= Beginning of Section =
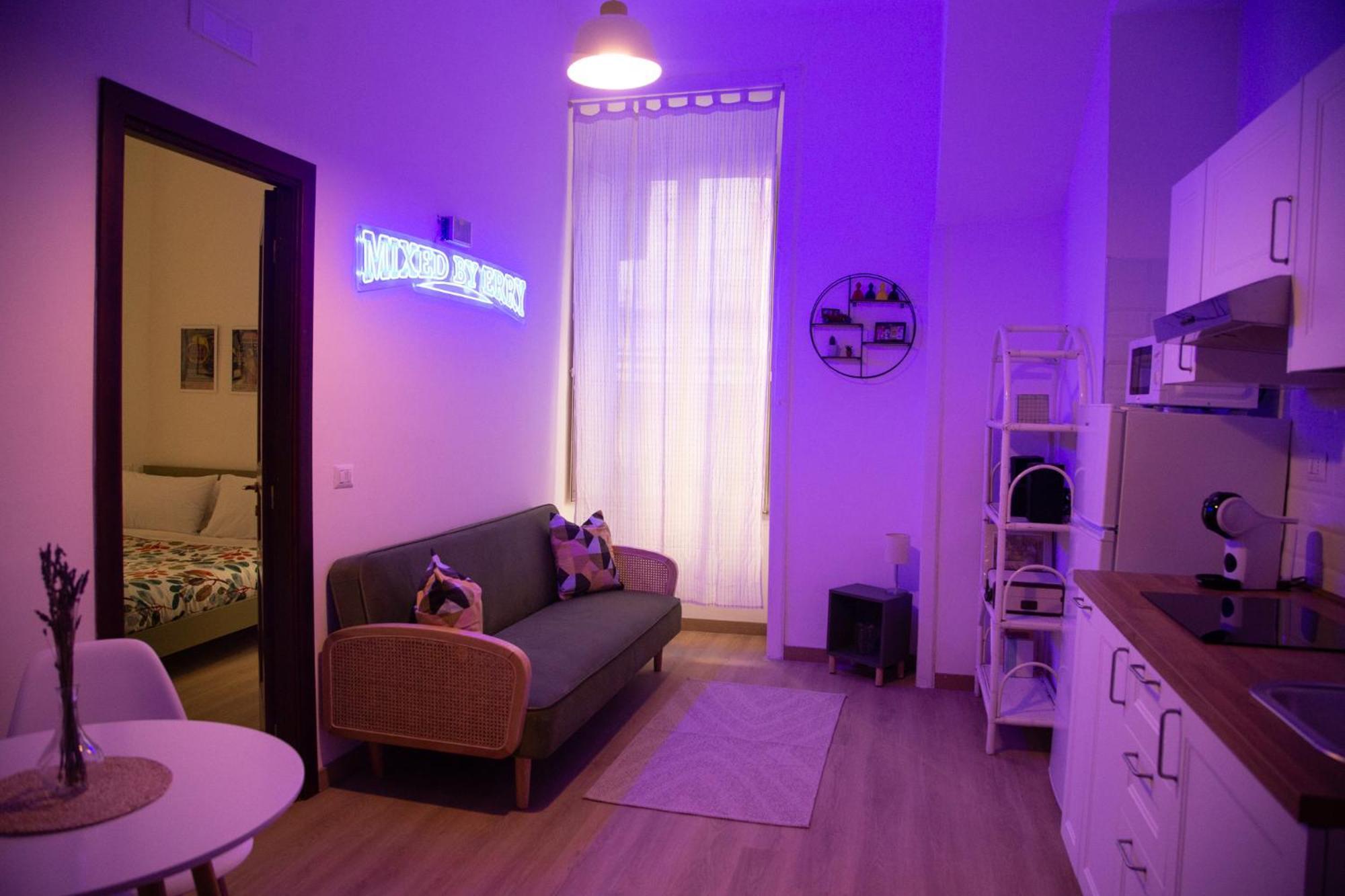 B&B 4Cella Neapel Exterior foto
= End of Section =
= Beginning of Section =
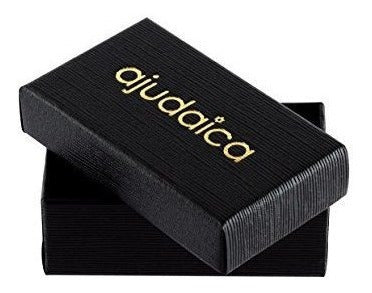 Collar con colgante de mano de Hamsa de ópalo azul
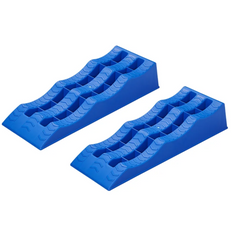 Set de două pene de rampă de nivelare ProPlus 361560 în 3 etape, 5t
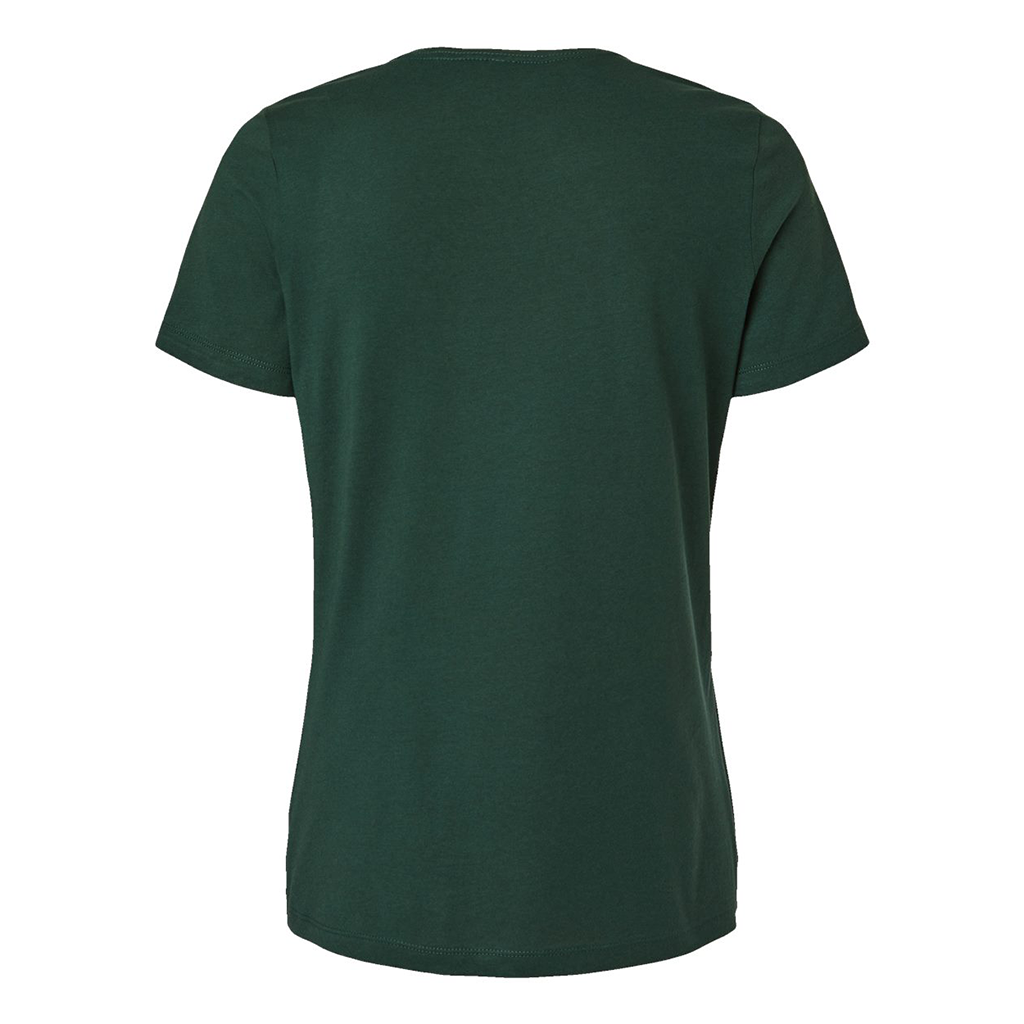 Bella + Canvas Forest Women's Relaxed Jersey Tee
= End of Section =
▸ **EXERCISE BRIEF**:
Those lines of the records above that run from the one containing "Set de două" through the one containing "Bella + Canvas" should be returned exactly, with no pictures among them.

▸ **WRITTEN RESPONSE**:
 Set de două pene de rampă de nivelare ProPlus 361560 în 3 etape, 5t
 Bella + Canvas Forest Women's Relaxed Jersey Tee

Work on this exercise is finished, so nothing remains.